Tuesday, March 30, 2010

The Circle of Life

I started a practice of journaling to my son when he was about 3 months of age because of something he did. While nursing, he suddenly released my nipple, engaged eye contact, and started a conversation. We “baby talked” to each other back and forth for several minutes while falling into each other’s eyes. Then he made a face that looked an awful lot like a smile and returned to nursing. I was beyond beyond. I had just experienced one of the most beautiful and intimate moments of my life in my first conversation with my infant son.

I did not grow up around babies, so I did not know if this was a regular “baby thing.” Problem was; there was no one to ask. My father was deceased, and my mother was well into Alzheimer’s at that point. Being “older” new parents (I was 41 and his dad 37), I grew concerned that maybe one day my son would be in the same position, wondering what he was like as a baby with no one to describe those intimate precious moments. His dad and I may be off the planet and on to the next thing by the time he marries and has children (especially if he follows in his mother’s footsteps), so I began journaling to give him my memories.

Something about last week’s series of events sparked a remembrance, so I went back to one of his journals, and there it was. When my son was 8, he said two things that left me dumbstruck. The first thing he said happened while we were about to cross the street. It went like this (and I quote from his journal), “Mommy, I don’t want to hurt your feelings, but you can’t hold my hand to cross the street anymore.” The second thing he said to me occurred about two weeks later (and again I quote), “Mommy, I don’t want to hurt your feelings, but I regret that I did not spend more time with Daddy when I was a baby. I will be spending more time with him now.”

Could someone pick me up off the floor please?

This past weekend in going through my pain, looking for a birth was the only thing that kept me in it. I told you that when I dropped my son off at his dad’s a week ago, something left the relationship. What I didn’t tell you was that when I got home from dropping him off, I felt like an amputee with an agonizing pulsing phantom limb or, more honestly, I felt like my son had died.

I wasn’t experiencing birth. I couldn’t face it, but I was experiencing death.

Bottom line…I felt crazy. The simple act of leaving my son at his dad’s clearly warranted a cover photo and a four page spread in the DSM V. This level of grief had to be a signal of some deep-seated psychological pathology. And, yet, I couldn’t stop myself from feeling it.

It took me 9 years, 9 months, and 16 days, but I realized that last Sunday, I finally let my son cross the street on his own to be with the father that he has always wanted and needed.

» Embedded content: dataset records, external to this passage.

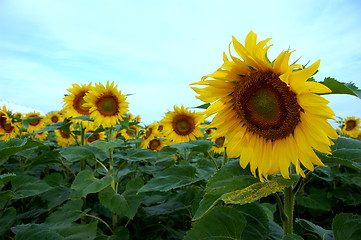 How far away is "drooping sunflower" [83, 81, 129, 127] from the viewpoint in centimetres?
383

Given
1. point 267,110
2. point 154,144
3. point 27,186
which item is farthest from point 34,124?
point 267,110

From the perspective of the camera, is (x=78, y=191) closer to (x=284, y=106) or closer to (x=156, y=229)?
(x=156, y=229)

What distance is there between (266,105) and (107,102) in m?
2.66

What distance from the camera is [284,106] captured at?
62.9 inches

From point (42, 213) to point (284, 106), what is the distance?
263 centimetres

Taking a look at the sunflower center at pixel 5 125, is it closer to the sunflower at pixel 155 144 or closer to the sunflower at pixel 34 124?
the sunflower at pixel 34 124

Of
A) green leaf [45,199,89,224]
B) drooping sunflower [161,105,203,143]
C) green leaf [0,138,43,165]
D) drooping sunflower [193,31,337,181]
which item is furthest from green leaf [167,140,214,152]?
drooping sunflower [161,105,203,143]

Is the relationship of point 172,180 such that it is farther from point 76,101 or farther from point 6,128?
point 6,128

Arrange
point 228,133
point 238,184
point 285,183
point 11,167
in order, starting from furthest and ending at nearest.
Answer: point 11,167 < point 228,133 < point 238,184 < point 285,183

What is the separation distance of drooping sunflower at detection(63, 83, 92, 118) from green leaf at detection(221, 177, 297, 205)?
3.37 meters

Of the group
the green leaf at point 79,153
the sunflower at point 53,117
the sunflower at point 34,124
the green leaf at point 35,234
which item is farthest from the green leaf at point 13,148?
the sunflower at point 53,117

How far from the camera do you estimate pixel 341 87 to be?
1.30 metres

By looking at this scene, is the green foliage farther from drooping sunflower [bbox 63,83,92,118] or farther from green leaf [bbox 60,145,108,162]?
drooping sunflower [bbox 63,83,92,118]

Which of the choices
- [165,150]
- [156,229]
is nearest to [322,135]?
[165,150] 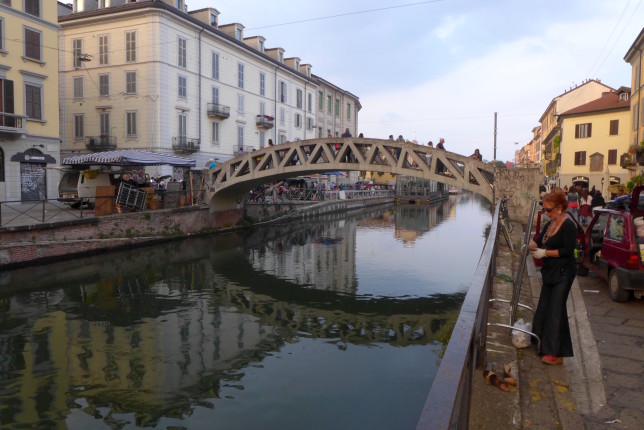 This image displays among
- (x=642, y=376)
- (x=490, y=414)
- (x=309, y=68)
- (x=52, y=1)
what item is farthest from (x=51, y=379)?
(x=309, y=68)

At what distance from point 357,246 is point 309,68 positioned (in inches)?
1213

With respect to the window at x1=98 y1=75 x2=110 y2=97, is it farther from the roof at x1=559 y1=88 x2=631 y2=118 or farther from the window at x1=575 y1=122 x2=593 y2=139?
the window at x1=575 y1=122 x2=593 y2=139

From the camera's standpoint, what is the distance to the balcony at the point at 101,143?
29906 millimetres

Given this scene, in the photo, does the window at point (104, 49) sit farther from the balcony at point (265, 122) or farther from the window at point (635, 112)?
the window at point (635, 112)

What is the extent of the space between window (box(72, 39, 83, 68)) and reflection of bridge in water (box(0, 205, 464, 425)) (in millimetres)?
18788

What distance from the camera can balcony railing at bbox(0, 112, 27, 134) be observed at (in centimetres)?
2111

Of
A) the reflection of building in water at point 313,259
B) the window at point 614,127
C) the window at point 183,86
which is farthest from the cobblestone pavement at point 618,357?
the window at point 614,127

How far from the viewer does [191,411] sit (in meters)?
6.77

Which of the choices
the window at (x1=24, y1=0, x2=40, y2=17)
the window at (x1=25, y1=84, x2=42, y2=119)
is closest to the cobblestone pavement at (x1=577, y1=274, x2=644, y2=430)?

The little 8 year old with the porcelain skin, big bluer than purple eyes, and curly black mop-top hair suddenly released my hand, engaged eye contact, and started across the street. He navigated himself safely to the other side while I anxiously waited where he could see me. When he stepped up on the opposite curb, he turned around to face me beaming with pride, with anticipation, and with gratitude.

In that intimate precious moment standing with a lifetime between us, I saw my little 8 year old boy transform into my 17 year old son. We fell into each other’s eyes. Then he made a face that looked an awful lot like a smile, turned, and went into his life on the other side of childhood.

And I was thrilled to know that I had taught him something important. He looked both ways before he crossed the street.